About this task: All of the data below should be repeated exactly. Pictures should not be included.

(Given data begins)

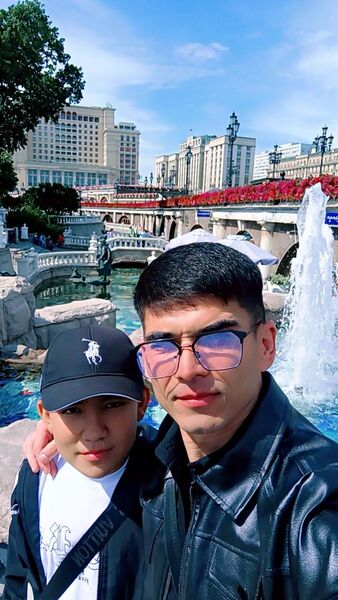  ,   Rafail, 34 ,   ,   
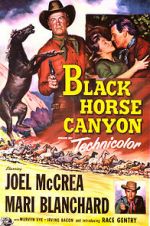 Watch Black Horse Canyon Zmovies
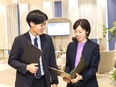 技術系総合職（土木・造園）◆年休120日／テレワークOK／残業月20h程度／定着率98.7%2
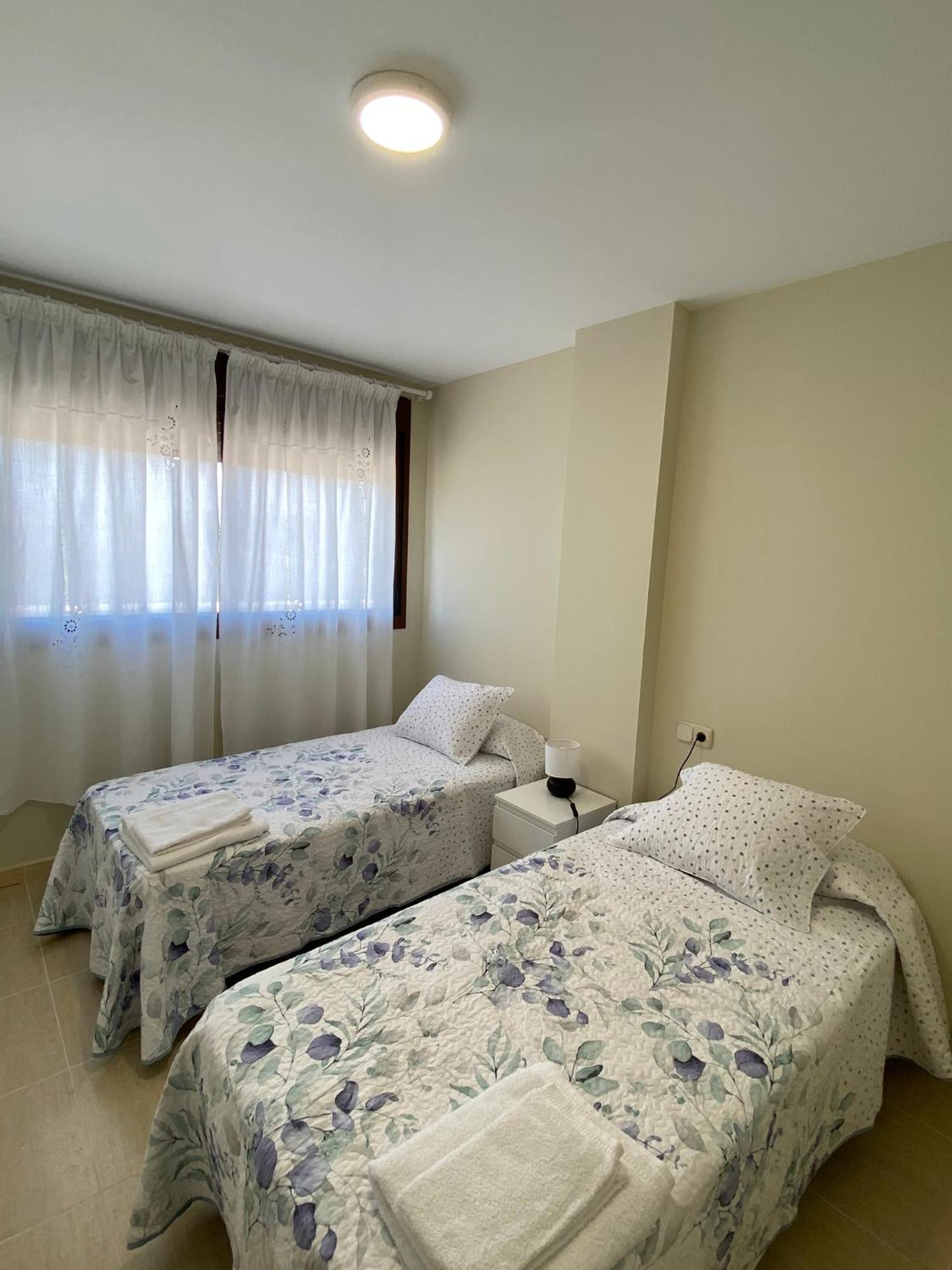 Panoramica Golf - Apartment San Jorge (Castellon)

(Given data ends)

Your response:
  ,   Rafail, 34 ,   ,   
 Watch Black Horse Canyon Zmovies
 技術系総合職（土木・造園）◆年休120日／テレワークOK／残業月20h程度／定着率98.7%2
 Panoramica Golf - Apartment San Jorge (Castellon)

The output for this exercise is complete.